AIM OF THE EXERCISE =>
No pictures go into the copy. Write out every line below exactly.

[DATA BLOCK — start]

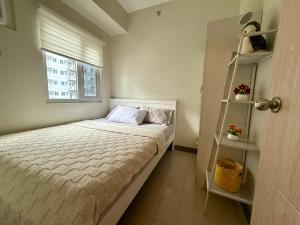 Rúm í herbergi á Urban Oasis 2BR Condo with Multiple Pools at SMDC Charm Residences
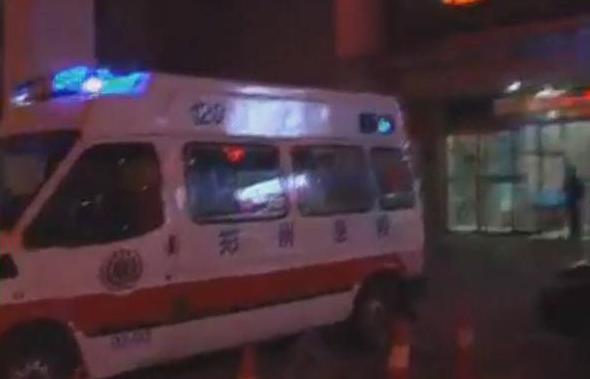 女兒不救父親，鄰居很憤怒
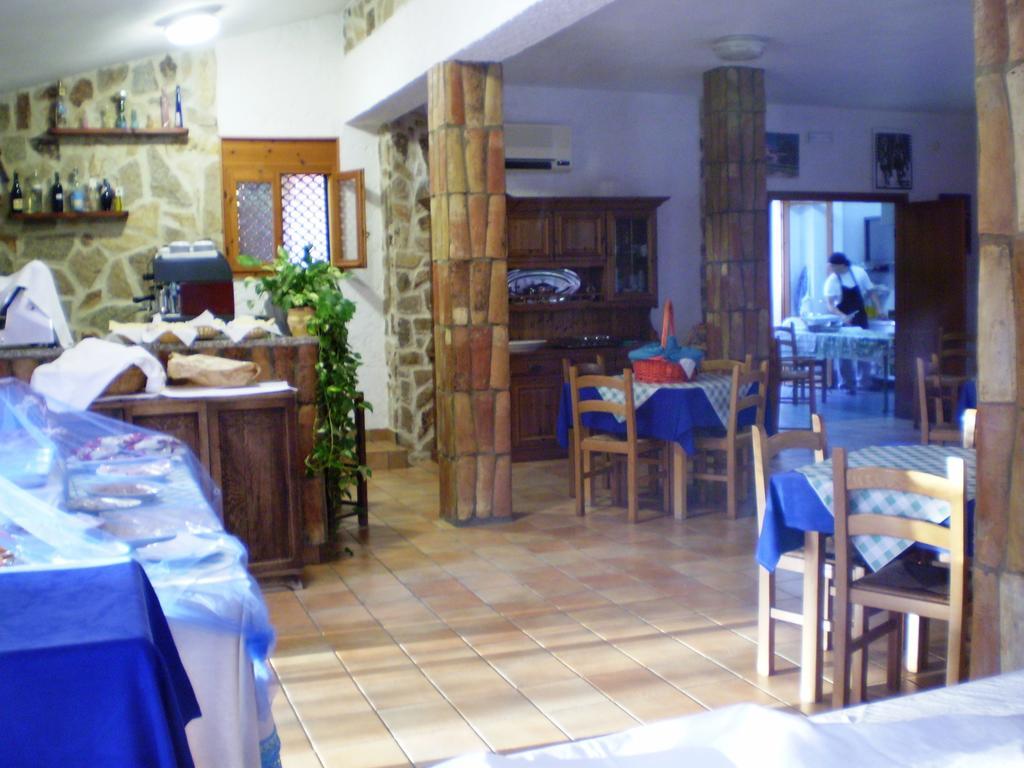 Hotel S'Obreschida Кастиадас Екстериор снимка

[DATA BLOCK — finish]

FINISHED TASK =>
 Rúm í herbergi á Urban Oasis 2BR Condo with Multiple Pools at SMDC Charm Residences
 女兒不救父親，鄰居很憤怒
 Hotel S'Obreschida Кастиадас Екстериор снимка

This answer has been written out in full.